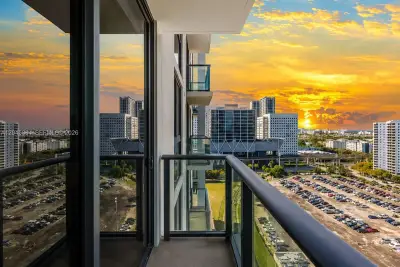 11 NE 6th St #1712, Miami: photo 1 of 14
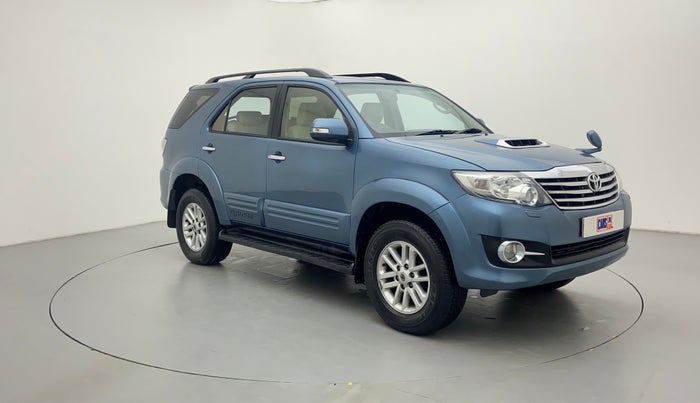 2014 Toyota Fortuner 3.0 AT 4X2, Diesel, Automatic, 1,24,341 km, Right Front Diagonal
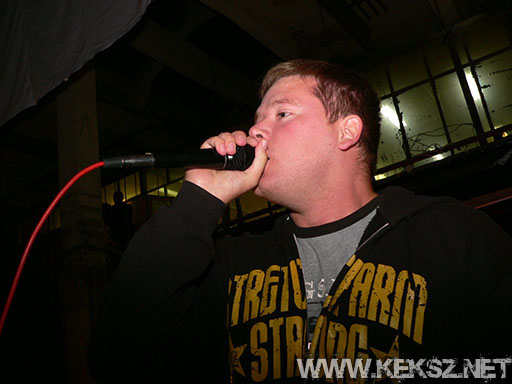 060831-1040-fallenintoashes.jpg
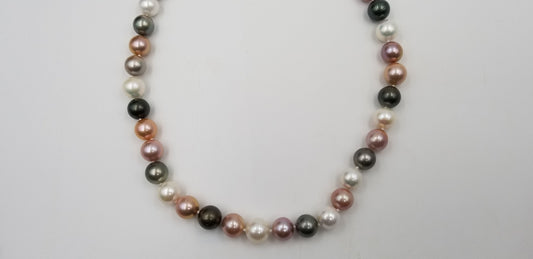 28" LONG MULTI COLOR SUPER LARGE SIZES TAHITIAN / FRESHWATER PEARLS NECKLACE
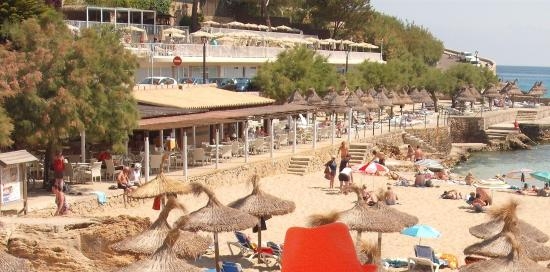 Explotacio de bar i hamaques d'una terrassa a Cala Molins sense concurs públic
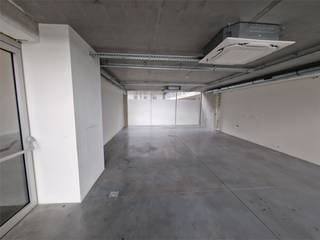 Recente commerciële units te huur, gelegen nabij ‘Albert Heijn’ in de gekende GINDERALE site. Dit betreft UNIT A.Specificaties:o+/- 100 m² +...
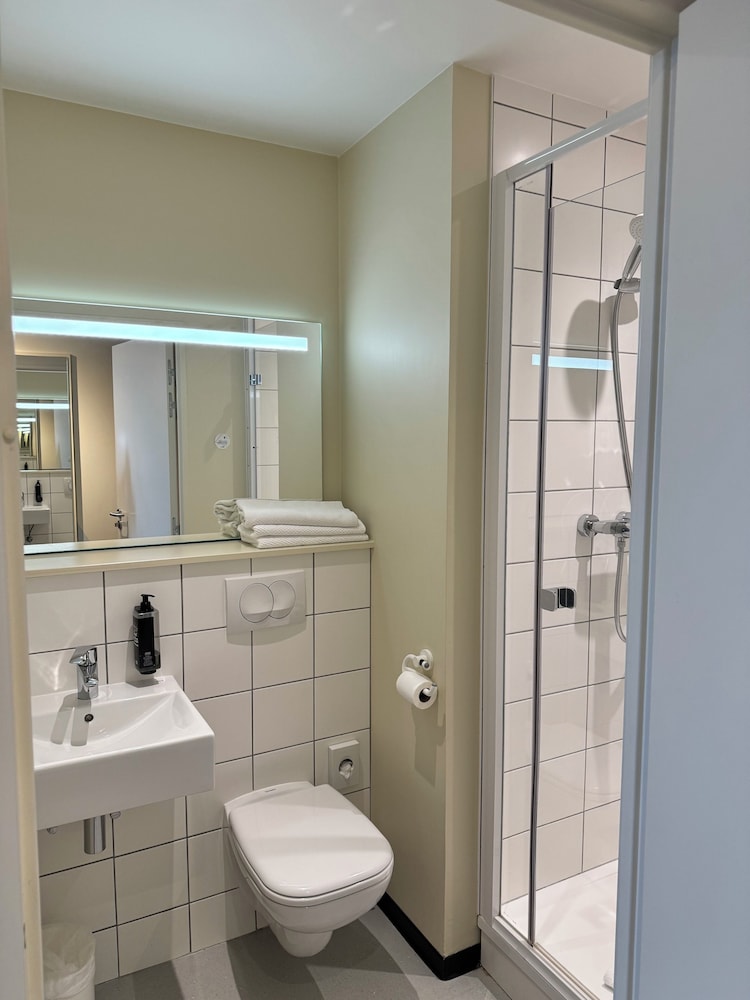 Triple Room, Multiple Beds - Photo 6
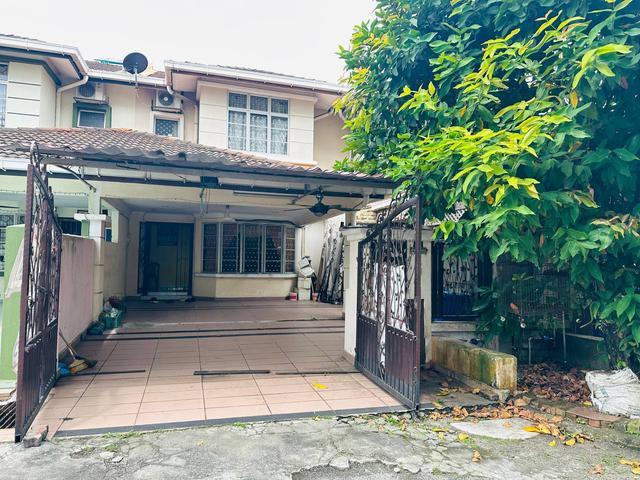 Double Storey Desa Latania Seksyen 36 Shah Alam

_WHAT IS EXPECTED_
Return only the lines running from the start of the entries above to the line that contains "FRESHWATER PEARLS NECKLACE", inclusive, and omit every picture.

_EXERCISE OUTPUT_
 11 NE 6th St #1712, Miami: photo 1 of 14
 2014 Toyota Fortuner 3.0 AT 4X2, Diesel, Automatic, 1,24,341 km, Right Front Diagonal
 060831-1040-fallenintoashes.jpg
 28" LONG MULTI COLOR SUPER LARGE SIZES TAHITIAN / FRESHWATER PEARLS NECKLACE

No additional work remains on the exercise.